The API has been kept simple and practical. The interface is meant to clearly outline and reflect the different tasks or "problems" posed by HMMs.
HMM algorithms are computationally intensive. Moreover, they involve the repeated multiplication of probabilities, quickly leading to problems of floating-point underflow. Special measures need to be taken to prevent them for larger data sets, but this necessarily obscures the algorithms.
Acknowledging these limitations, the present implementation is usable for small data sets up to a few hundred points. For larger data sets, consider the hmmlearn library, which moves the core computation to C++ to improve performance, and also handles the underflow problem via logarithmic representation.
An HMM is fully defined by three quantities:
- the number of hidden states m
- the transition matrix among states (an m x m matrix)
- a set of m emission probabilities and the parameters they require
By contrast, any data set or any calculated quantity directly derived from a data set is not part of the model, and is not stored in a model instance.
The Model
class encapsulates an HMM. It provides a set of "public"
functions to perform the following activities:
- Define the model
- Specify the model
- Train the model on a data set
- Evaluate the model for a data set
- Generate a data set from the model
The class also provides several "non-public" methods to do the actual work.
The HMM concept is independent of the type and nature of the observation data: the data can be totally opaque. The present implementation makes no assumptions about the data, and never tries to read it. It only assumes that data is supplied as a collection that is indexable (an iterable).
The HMM concept also makes no assumptions about the specific nature and structure of the emission probability distributions. For convenience, the module provides implementations for three common distributions: empirical Histograms (for categorical data), Poisson (for low integer counts), and Gaussian (for univariate numerical data). Multi-variate Gaussian and Gaussian Mixture distributions may be added in the future.

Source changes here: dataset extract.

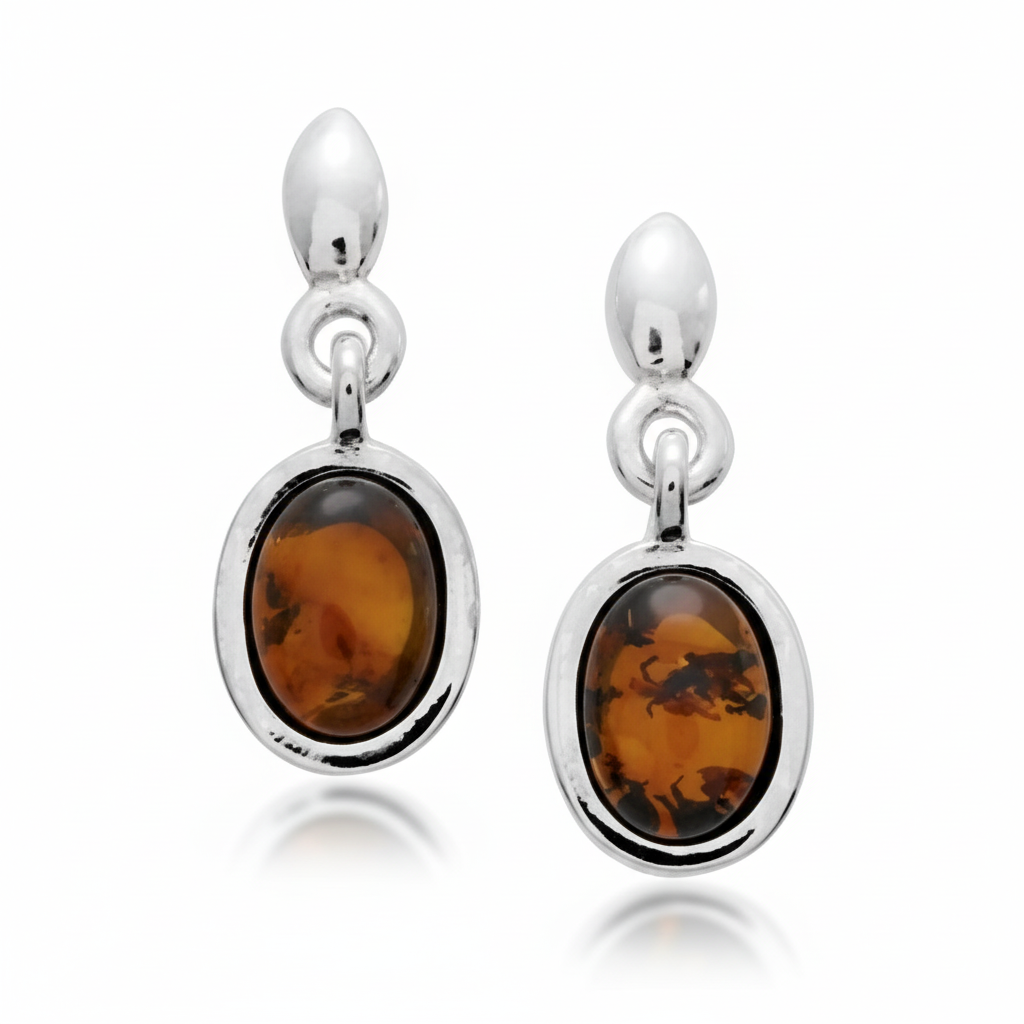 Boucles d'oreilles Pendantes Argent Rhodié - Boucles d'oreilles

It is also possible to provide custom distribution functions to describe data sets not represented adequately by the built-in distributions. Three functions are required:
- A function that returns the probability for a certain data point
x
to occur:prob( x, params ) -> float
. (Always required.) - A function to calculate the parameter values, given a data set and a
matrix that gives, for each data point, the occupation probability of
each state:
calc( dataset, occupation ) -> [ params, ... ]
. Here,dataset
is an iterable ofn
elements,occupation
is anm x n
NumPy matrix, and the return value is an array ofm
elements, each element represents the emission parameters for one state. (Only required when training a model.) - A random generator that returns a valid data point, given a set of
parameters:
rand( params ) -> x
, wherex
is a valid data point. (Only required with generating data points from a model.)
Like the data points, the parameters required by each probability distribution are opaque to this module. They may be scalar, tuples, dictionaries, or arbitrary objects. The module does not read or interpret them, but it will make sure to supply the correct parameter value for the current state to the custom function when required. It is up to the custom functions to parse and interpret the parameter values passed into them appropriately.
This module provides built-in support for empirical histograms, Poisson, and univariate Gaussian distributions. It also includes a function to calculate plausible emission parameters from a data set, one for each state. These can be used as starting values when training a model.
Also included are two entry-point functions, to train, evaluate, and verify a model (verification is done via parametric bootstrap).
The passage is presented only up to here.